Dive Brief:
- Public research universities talk about the need for their student body to represent the social and economic diversity of their states, but a new report from the Chicago-based policy research firm The Joyce Foundation suggests that those institutions disproportionately focus their recruiting efforts on wealthy out-of-state students.
- Analyzing the recruiting visits of 15 public research universities, the researchers found 12 made more out-of-state than in-state visits and seven had more than double the amount. Those out-of-state visits tend to be to affluent communities in major metro areas, shifting the demographic balance of the institution.
- Universities with lower levels of state support focused more on out-of-state recruiting than did institutions with stronger state support. Just three institutions, located in states with limits on nonresident enrollment, made more in-state than out-of-state visits.
Dive Insight:
The out-of-state visits "consistently exhibited racial bias," the researchers explain, attributing colleges' need to look beyond their borders to a "broken" higher ed funding system that "incentivizes universities to prioritize rich out-of-state students."
State funding to higher ed rose slightly across the board in fiscal year 2019, with more states (43) seeing increases than in the previous year (32), analysts explained in a Moody's Investors Service report earlier this year.
Yet the upturn follows a decade of contraction. In 2018, states spent an average of 16% less per student in 2018 than they did in 2008, while some states had drops in excess of 30%, according to data from the Center on Budget and Policy Priorities.
Public colleges vary in how much they depend on that funding, Moody's explains. Those in Alaska, Hawaii and Illinois rely on state funding for more than 40% of their revenue, whereas in New Hampshire, Pennsylvania and Vermont public institutions get less than 10% of revenue from the state.

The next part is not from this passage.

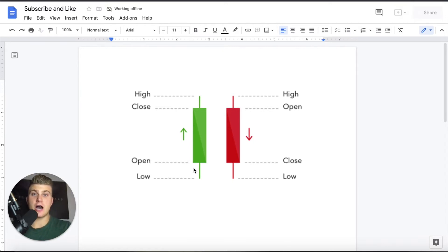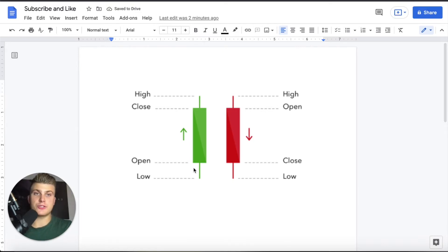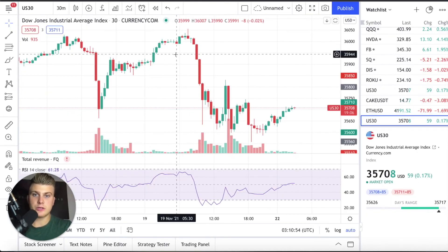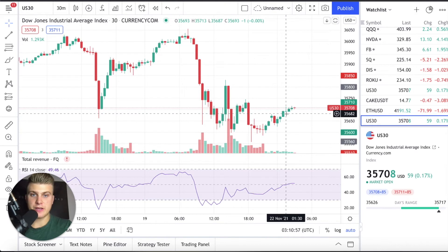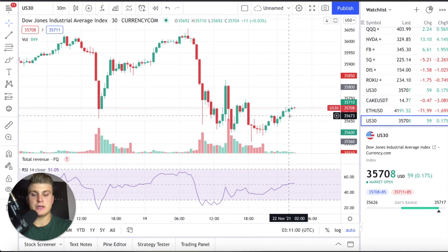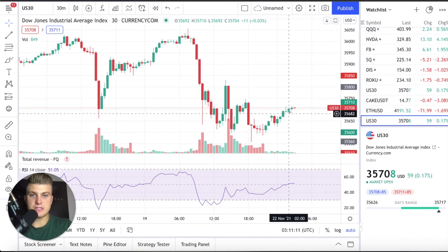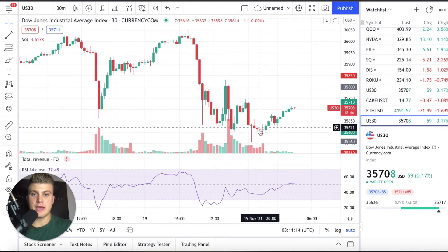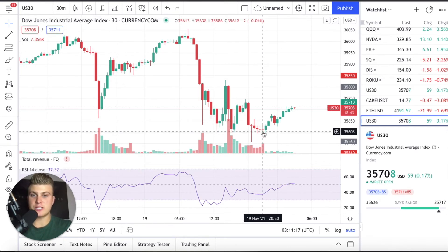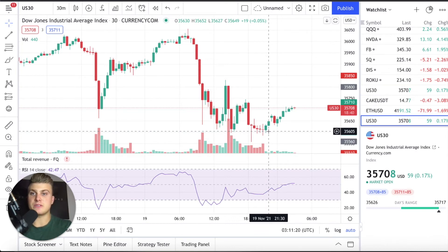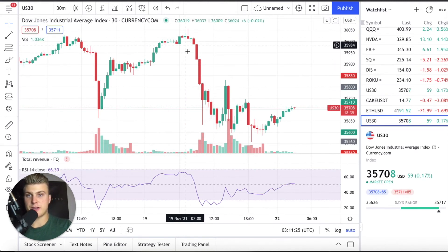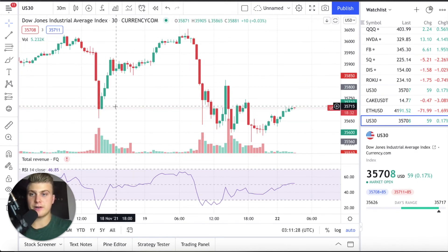There is actually another form of candle called the doji candle. When you see candles like this one right here, which doesn't have a body, it basically opened and closed at the same price or very close to it. When you see these — and you'll see them pretty often — it basically means there wasn't really too much price movement and it didn't make a bullish or a bearish move.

As the Joyce Foundation report notes, low levels of state funding can push public colleges to recruit wealthy out-of-state students who require fewer or no subsidies, as well as some wealthy in-state students. The report's authors list the University of Alabama and the University of South Carolina as examples. "Universities make up for state budget cuts by prioritizing affluent students," they explain, calling on state policymakers to "reinvest in public higher education" by increasing state appropriations and need-based grant aid.
States are making moves in that direction, with some budgets under discussion tying additional funding to tuition freezes at public colleges. And the topic of affordability has come up in several governors' annual addresses, though that discussion tends to focus on increasing financial aid.
The researchers make a more pointed call to universities to shift their recruiting practices and "put their money where their mouth is, rather than putting their money where the money is" when it comes to increasing access for underrepresented students.
The University of Virginia — a public research institution in a state that gets between 15% and 20% of its higher ed revenue from public dollars, according to Moody's — last fall announced it would waive tuition for in-state students whose families earn less than $80,000 annually and room and board costs for those with annual incomes of less than $30,000.
And at the University of Illinois at Urbana-Champaign, students with family incomes at or below the state median may be eligible for free tuition and fees starting in the fall.